[[ Input material open ]]

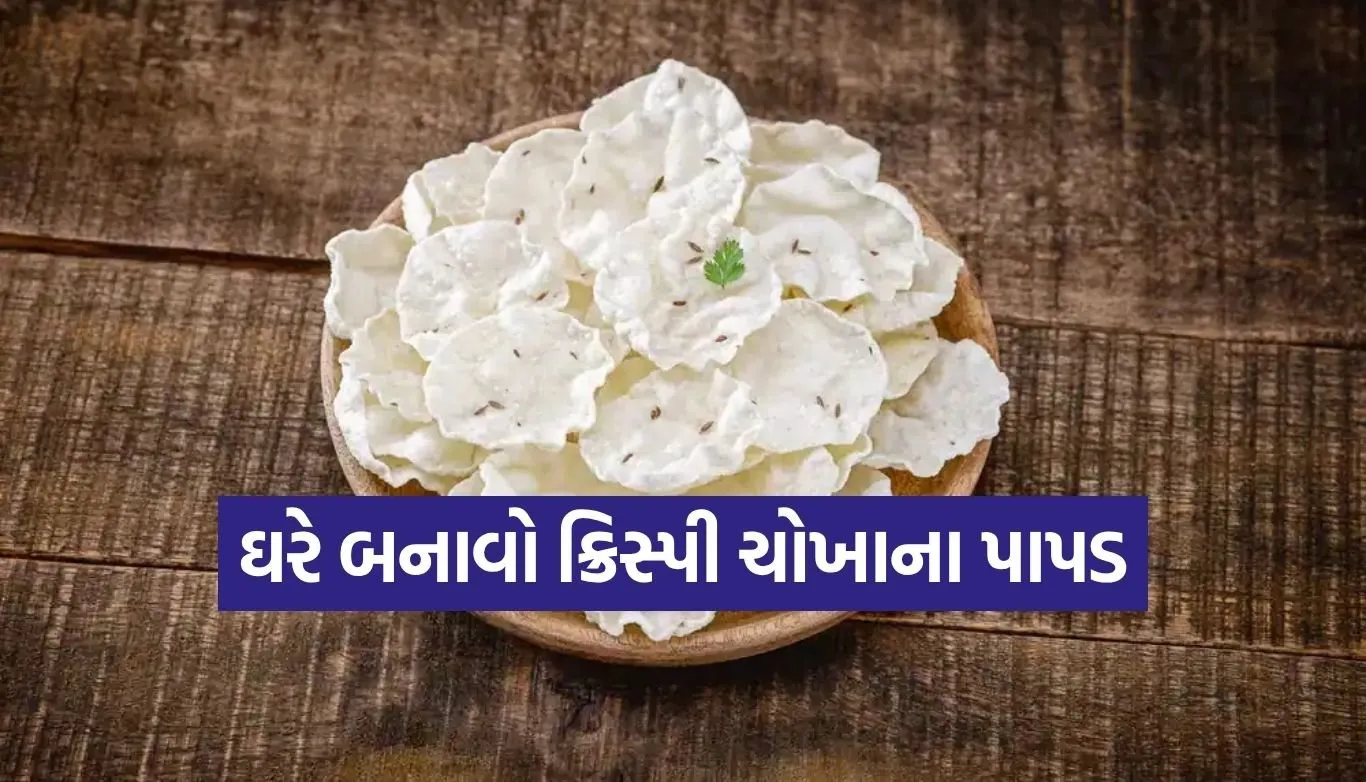 Rice Papad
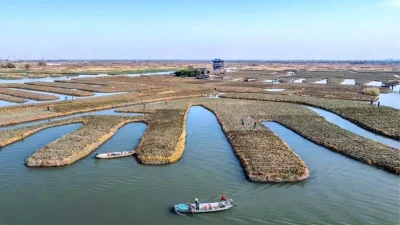 Çin’de Büyük Kar Sezonu ve Tarımsal Faaliyetler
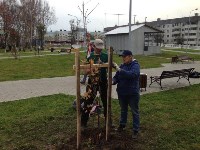 Акция по посадке деревьев прошла в сквере Ждакаева, Фото: 3
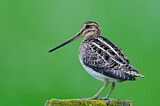 Image. Common Snipe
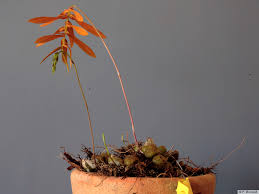 Image result for Bulbophyllum vulcanicum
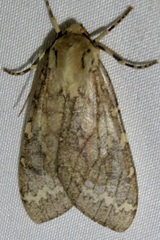 Pseudohemihyalea labecula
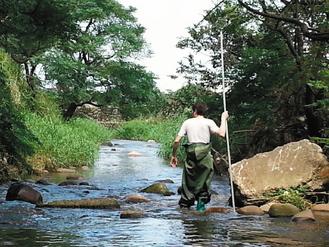 ��������;W(w��ng)�Ѽs��(hu��)�����гɃɰ롱���D��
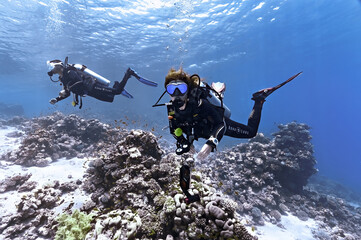 Divers in the Red sea in Dahab. Scuba diving in Egypt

[[ Input material closed ]]

**Problem description**
The line that contains "Pseudohemihyalea labecula" begins the part to retype, and the last line of the records above ends it. Retype both and everything between, exactly, without the pictures.

**Solved exercise**
 Pseudohemihyalea labecula
 ��������;W(w��ng)�Ѽs��(hu��)�����гɃɰ롱���D��
 Divers in the Red sea in Dahab. Scuba diving in Egypt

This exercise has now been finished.